The accounts from Al Rayan Bank and Gatehouse Bank are , and therefore offer an expected profit rate (EPR), rather than an annual equivalent rate (AER). This means that the advertised rate is not guaranteed - although we've never heard of an instance in the UK where an Islamic bank has paid less than its advertised rate.
As most savers will already know, the savings market took a huge downturn as a result of the coronavirus pandemic.
Average rates had been in general decline since mid-2019, but when the first national lockdown happened in March 2020 the drop in rates accelerated. Average rates for instant-access cash Isas, as well as long-term fixed-rate savings accounts and cash Isas, fell by at least 0.2% between March and May 2020. This can be seen in the graph below.
It took until May 2021 for all average rates to reach rock bottom, and now there seems to be a period of recovery - but the savings market still isn't at pre-pandemic levels.
In terms of the number of accounts available, top rates and average rates, Moneyfacts data shows savings products are still behind where they were in October 2019. The table below shows the overall number of accounts, and how average and top-rate one-year fixed-term savings accounts have faired over the past two years.
|October 2019||October 2020||October 2021|
|Number of cash Isas and savings accounts||1,853||1,531||1,639|
|Top-rate one-year fixed-term savings account AER||2.07%||1.26%||1.51%|
|Average one-year fixed-term savings account rate AER||1.29%||0.68%||0.76%|
As the table shows, the top rates tend to fluctuate in-line with the number of accounts on the market, so it's a promising sign for savers that the current increased levels of competition will likely continue to push up rates.
However, the fact that average rates are proportionally far lower now than they were in October 2019 suggests that not all providers are interested in keeping pace with the best rates. It's not clear whether that's down to market uncertainty, or the fact that they're not being forced to be more competitive as savers aren't moving their cash elsewhere.
Of the 1,083 variable-rate and fixed-term cash Isas and savings accounts currently on the market, 55 pay 0.01% or 0% AER.
With CPI inflation measuring over 3% for two months in a row, and predicted to go higher, having your savings earning such a low rate of interest will end up eroding your money's value.
The effect of inflation on your savings works over time. Say you put £1,000 in a savings account that only pays 0.01% AER in September 2020, after a year your savings will have earned 10p in interest. However, the price of goods and services included in the imaginary 'shopping basket' tracked by CPI inflation increased by 3.1% in that time.

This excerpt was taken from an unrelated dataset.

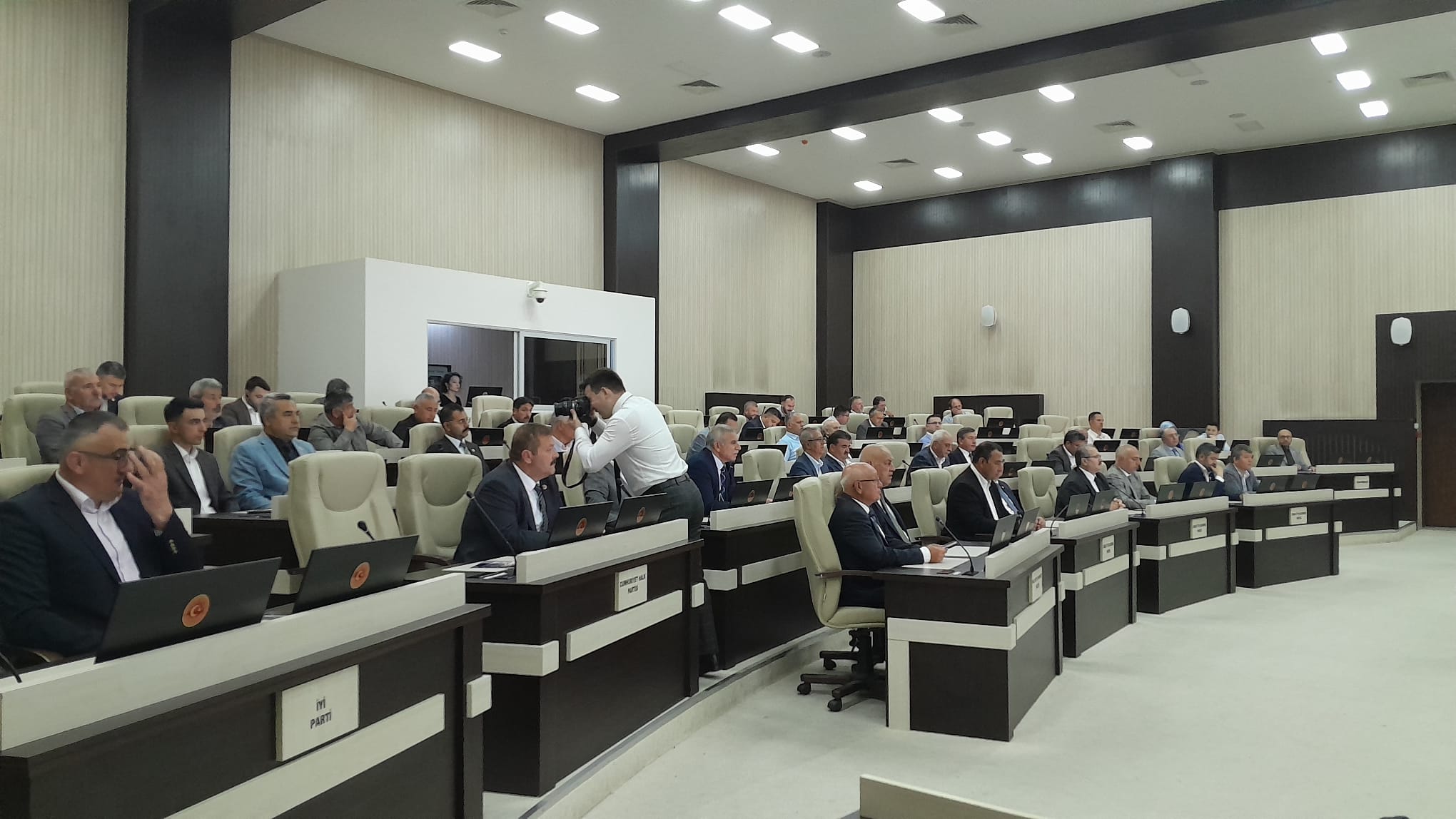 İl Genel Meclisinde Gündem Maddeleri Değerlendirildi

While your £1,000 may have been able to buy 50 things in the shopping basket in September 2020, by September 2021 the prices may have all outpaced the growth of your savings, so you may not be able to afford to buy the same amount anymore. Therefore, the value of your savings has been reduced.
While an account's interest rate is important, it's not the only factor you should consider when choosing a new home for your savings.
There's no point going for a rate that's offered with terms you won't be able to stick to; an instant-access account that only allows a certain amount of withdrawals per year will be no good if you have to dip in more regularly than that.
It's also worth checking to see whether you'll be able to open and manage the account in the way you'd like. Some providers require everything to be carried out online, whereas others will offer telephone and in-branch services.